State Commitment Compliance Assessment
EU 55% reduction by 2030 (vs 1990) On track via European Green Deal
USA 50–52% reduction by 2030 (vs 2005) Behind — Inflation Reduction Act helps but insufficient
China Peak emissions before 2030, neutrality by 2060 Ambiguous — still approving coal plants
Australia 43% reduction by 2030 (vs 2005) Legislated 2022; trajectory uncertain
India 45% emissions intensity reduction by 2030 On track for intensity but absolute emissions rising

Case Study: Weapons of Mass Destruction and the NPT

The Nuclear Non-Proliferation Treaty (NPT, 1968) prohibits non-nuclear states from acquiring nuclear weapons and obligates nuclear states to disarm. Its effectiveness is deeply contested:

  • Compliance failures: India, Pakistan, and Israel never joined; North Korea withdrew in 2003 and conducted six nuclear tests; Iran’s compliance remains disputed
  • Selective enforcement: The five recognised nuclear states (USA, Russia, China, UK, France) have not fulfilled disarmament obligations under Article VI
  • The Treaty on the Prohibition of Nuclear Weapons (TPNW, 2021) — signed by 93 states, ratified by 70 — provides stronger prohibition language but is boycotted by all nuclear-armed states

EXAM TIP: The NPT example illustrates a critical tension: powerful states that benefit from the status quo can frustrate more ambitious legal frameworks.
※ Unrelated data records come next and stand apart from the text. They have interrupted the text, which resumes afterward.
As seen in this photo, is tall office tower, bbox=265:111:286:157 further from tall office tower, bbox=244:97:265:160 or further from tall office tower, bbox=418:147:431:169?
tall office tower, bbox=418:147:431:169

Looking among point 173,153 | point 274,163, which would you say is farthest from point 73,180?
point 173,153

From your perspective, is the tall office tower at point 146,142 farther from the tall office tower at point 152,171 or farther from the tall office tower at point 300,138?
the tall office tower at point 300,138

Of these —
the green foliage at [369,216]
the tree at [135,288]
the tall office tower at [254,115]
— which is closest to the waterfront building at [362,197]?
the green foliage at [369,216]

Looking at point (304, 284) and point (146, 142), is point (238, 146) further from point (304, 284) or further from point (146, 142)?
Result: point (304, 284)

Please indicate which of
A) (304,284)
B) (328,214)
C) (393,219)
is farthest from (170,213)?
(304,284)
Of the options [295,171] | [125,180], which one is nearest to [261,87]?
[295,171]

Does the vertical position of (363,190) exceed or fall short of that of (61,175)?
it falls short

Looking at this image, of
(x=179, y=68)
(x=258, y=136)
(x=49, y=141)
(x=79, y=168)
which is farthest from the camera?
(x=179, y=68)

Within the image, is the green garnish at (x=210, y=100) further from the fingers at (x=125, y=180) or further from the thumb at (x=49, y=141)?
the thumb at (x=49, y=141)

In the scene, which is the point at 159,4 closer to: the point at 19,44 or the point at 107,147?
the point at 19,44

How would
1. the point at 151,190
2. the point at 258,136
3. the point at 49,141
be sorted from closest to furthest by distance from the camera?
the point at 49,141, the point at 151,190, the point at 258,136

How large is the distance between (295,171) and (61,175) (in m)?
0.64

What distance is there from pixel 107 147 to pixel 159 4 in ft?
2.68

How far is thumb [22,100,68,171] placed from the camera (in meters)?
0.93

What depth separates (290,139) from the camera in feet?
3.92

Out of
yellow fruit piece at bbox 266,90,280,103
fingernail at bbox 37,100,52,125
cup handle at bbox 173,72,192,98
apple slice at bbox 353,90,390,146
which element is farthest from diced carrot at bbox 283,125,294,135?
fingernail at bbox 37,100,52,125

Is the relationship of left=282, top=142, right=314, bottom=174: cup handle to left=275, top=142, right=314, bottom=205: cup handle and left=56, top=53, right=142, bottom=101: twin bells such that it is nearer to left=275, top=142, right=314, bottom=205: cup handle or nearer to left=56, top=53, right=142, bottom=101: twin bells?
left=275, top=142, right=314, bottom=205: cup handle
Use this to argue that the political will of major powers is the primary determinant of international legal effectiveness.
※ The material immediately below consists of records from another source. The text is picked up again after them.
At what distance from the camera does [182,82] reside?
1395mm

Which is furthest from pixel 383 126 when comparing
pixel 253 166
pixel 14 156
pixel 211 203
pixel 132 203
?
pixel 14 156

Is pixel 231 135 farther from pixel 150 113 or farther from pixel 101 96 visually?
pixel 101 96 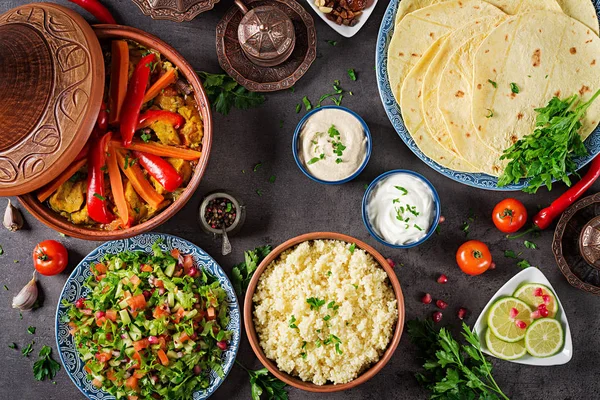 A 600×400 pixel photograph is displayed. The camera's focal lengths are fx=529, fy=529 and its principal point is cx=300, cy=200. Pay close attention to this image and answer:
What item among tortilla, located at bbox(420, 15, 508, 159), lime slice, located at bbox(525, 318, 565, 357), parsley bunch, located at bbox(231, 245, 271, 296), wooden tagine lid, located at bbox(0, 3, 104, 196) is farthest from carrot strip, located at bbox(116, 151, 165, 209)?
lime slice, located at bbox(525, 318, 565, 357)

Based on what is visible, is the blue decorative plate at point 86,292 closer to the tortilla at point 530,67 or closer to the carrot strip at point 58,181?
the carrot strip at point 58,181

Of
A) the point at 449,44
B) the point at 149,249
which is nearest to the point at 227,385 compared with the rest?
the point at 149,249

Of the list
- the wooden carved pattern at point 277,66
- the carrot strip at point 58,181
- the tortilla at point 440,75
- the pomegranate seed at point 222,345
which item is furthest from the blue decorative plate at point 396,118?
the carrot strip at point 58,181

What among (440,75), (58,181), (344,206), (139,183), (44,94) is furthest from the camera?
(344,206)

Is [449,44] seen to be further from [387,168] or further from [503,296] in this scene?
[503,296]

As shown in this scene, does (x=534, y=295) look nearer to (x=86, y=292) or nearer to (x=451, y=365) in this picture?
(x=451, y=365)

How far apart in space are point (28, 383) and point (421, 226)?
10.9 feet

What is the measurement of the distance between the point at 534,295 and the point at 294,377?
1.91 m

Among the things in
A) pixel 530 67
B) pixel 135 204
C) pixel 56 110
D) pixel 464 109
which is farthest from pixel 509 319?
pixel 56 110

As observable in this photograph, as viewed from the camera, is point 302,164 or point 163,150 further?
point 302,164

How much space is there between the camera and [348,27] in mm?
4016

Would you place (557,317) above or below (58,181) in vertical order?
below

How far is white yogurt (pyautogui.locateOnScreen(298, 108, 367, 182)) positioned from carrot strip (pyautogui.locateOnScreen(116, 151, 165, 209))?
1.13 meters

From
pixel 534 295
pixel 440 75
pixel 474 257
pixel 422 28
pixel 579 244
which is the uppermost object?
pixel 422 28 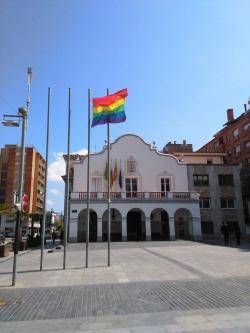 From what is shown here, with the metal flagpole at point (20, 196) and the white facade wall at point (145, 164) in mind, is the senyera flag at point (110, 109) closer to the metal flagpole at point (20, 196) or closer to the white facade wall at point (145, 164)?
the metal flagpole at point (20, 196)

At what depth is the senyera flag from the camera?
17.1 meters

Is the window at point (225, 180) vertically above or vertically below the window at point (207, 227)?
above

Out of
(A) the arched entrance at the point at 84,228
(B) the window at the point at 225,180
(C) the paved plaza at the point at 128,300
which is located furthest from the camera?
(B) the window at the point at 225,180

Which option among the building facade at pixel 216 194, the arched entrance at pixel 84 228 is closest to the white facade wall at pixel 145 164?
the building facade at pixel 216 194

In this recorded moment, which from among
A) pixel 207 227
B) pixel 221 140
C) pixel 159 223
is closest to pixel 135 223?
pixel 159 223

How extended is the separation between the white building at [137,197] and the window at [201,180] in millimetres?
1554

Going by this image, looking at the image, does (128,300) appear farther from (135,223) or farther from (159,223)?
(159,223)

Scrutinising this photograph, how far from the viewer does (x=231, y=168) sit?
45.8m

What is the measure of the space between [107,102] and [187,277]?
9631 mm

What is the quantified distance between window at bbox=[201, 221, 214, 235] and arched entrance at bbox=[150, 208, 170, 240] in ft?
16.5

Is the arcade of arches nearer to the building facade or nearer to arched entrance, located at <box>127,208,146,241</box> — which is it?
arched entrance, located at <box>127,208,146,241</box>

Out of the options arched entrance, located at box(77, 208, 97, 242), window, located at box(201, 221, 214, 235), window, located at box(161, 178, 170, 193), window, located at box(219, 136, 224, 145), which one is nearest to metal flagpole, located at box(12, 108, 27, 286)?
arched entrance, located at box(77, 208, 97, 242)

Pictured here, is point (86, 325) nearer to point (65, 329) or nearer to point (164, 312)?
point (65, 329)

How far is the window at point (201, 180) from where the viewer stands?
4428 centimetres
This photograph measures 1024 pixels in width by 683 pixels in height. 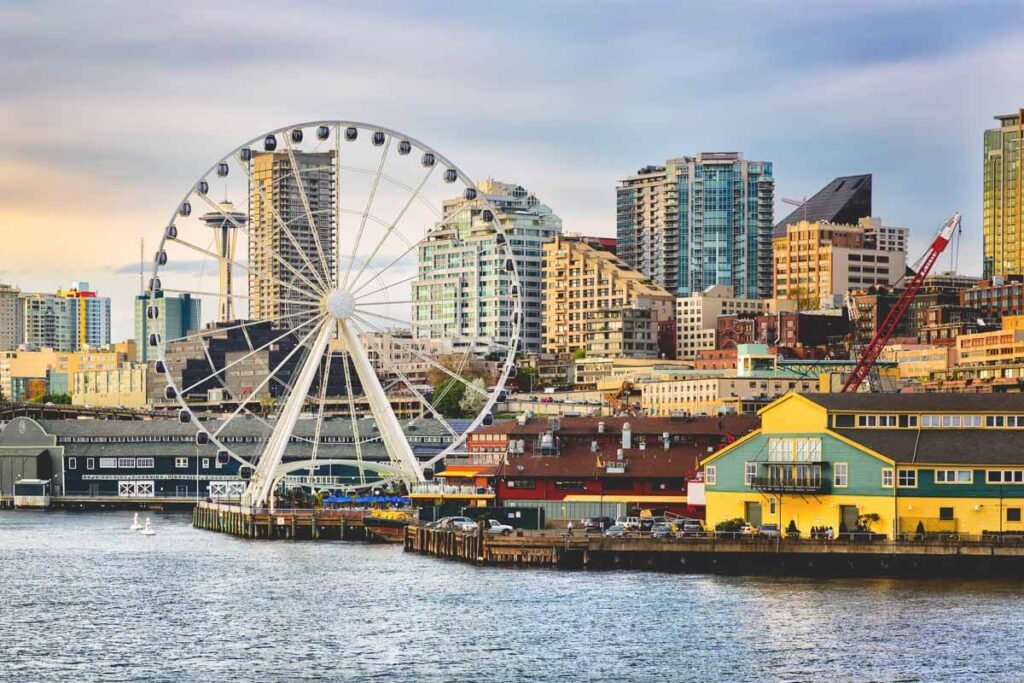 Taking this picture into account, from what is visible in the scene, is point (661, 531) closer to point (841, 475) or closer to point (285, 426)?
point (841, 475)

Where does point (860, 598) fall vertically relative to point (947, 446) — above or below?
below

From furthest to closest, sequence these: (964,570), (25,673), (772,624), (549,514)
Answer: (549,514), (964,570), (772,624), (25,673)

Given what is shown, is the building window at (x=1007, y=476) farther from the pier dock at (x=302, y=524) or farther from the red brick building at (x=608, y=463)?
the pier dock at (x=302, y=524)

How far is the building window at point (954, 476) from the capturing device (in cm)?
8844

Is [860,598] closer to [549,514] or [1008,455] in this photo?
[1008,455]

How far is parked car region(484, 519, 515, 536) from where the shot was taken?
100 meters

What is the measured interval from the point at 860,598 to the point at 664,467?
1323 inches

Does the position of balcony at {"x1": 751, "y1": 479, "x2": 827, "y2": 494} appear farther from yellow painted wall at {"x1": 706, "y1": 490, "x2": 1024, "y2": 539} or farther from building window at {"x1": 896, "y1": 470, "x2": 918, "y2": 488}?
building window at {"x1": 896, "y1": 470, "x2": 918, "y2": 488}

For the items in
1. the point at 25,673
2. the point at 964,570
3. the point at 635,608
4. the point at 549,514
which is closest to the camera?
the point at 25,673

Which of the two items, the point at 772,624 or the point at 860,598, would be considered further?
the point at 860,598

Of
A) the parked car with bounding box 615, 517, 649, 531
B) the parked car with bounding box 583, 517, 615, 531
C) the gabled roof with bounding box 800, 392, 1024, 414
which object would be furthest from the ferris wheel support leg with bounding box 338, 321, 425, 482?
the gabled roof with bounding box 800, 392, 1024, 414

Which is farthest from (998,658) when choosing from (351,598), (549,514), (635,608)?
(549,514)

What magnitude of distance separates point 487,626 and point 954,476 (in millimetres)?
24063

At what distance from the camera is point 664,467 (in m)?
113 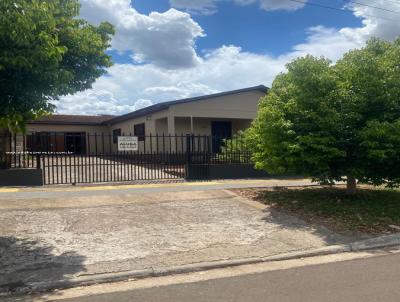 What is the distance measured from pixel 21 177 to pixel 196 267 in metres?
8.38

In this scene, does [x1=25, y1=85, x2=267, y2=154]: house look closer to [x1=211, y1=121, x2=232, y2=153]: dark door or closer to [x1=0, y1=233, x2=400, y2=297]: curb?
[x1=211, y1=121, x2=232, y2=153]: dark door

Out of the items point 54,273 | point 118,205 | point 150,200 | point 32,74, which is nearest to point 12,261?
point 54,273

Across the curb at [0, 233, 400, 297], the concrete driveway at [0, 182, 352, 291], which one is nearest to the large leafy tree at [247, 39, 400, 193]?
the concrete driveway at [0, 182, 352, 291]

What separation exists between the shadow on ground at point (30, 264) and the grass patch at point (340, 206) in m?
5.12

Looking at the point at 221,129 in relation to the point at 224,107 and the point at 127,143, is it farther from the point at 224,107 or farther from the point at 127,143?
the point at 127,143

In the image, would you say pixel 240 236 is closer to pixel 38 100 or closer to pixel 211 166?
pixel 38 100

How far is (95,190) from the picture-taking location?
1191cm

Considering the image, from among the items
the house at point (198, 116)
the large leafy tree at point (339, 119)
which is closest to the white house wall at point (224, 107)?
the house at point (198, 116)

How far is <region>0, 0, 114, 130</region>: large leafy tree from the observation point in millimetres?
5621

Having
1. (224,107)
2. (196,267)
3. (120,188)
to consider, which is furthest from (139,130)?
(196,267)

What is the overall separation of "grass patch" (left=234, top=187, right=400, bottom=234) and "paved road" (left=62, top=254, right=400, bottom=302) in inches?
106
Factors Affecting Compliance

  1. National interest alignment: States comply when international law aligns with, or only modestly constrains, their national interests
  2. Enforcement capacity: Laws with monitoring bodies, sanctions, or dispute mechanisms achieve higher compliance
  3. Reciprocity: States are more likely to comply when they see others doing so — collective action dynamics
  4. Reputational costs: In a connected world, non-compliance can damage bilateral relationships and access to trade/aid
  5. Domestic politics: Leaders facing domestic pressure from fossil fuel industries, nationalist movements, or short-term economic concerns may deprioritise international commitments

Non-State Actor Enforcement Role

In the absence of a global enforcement body, non-state actors play a critical role in holding states accountable:

  • Litigation: The Urgenda case (Netherlands, 2019) and Friends of the Earth v Shell (2021) used domestic courts to enforce climate obligations
  • Reporting and monitoring: NGOs like Climate Action Tracker and Carbon Disclosure Project track state and corporate compliance
  • Naming and shaming: Amnesty International, Human Rights Watch document violations, creating reputational pressure

COMMON MISTAKE: Avoid saying international law is simply “ineffective” because it lacks enforcement. Instead, argue that its effectiveness is variable and conditional — it works better in some contexts than others, and non-state actors extend its reach beyond what formal institutions alone can achieve.

VCAA FOCUS: VCAA assessors want you to evaluate — not just describe — the effectiveness of international law. Use specific examples to support a nuanced argument about when and why law succeeds or fails to shape actor behaviour.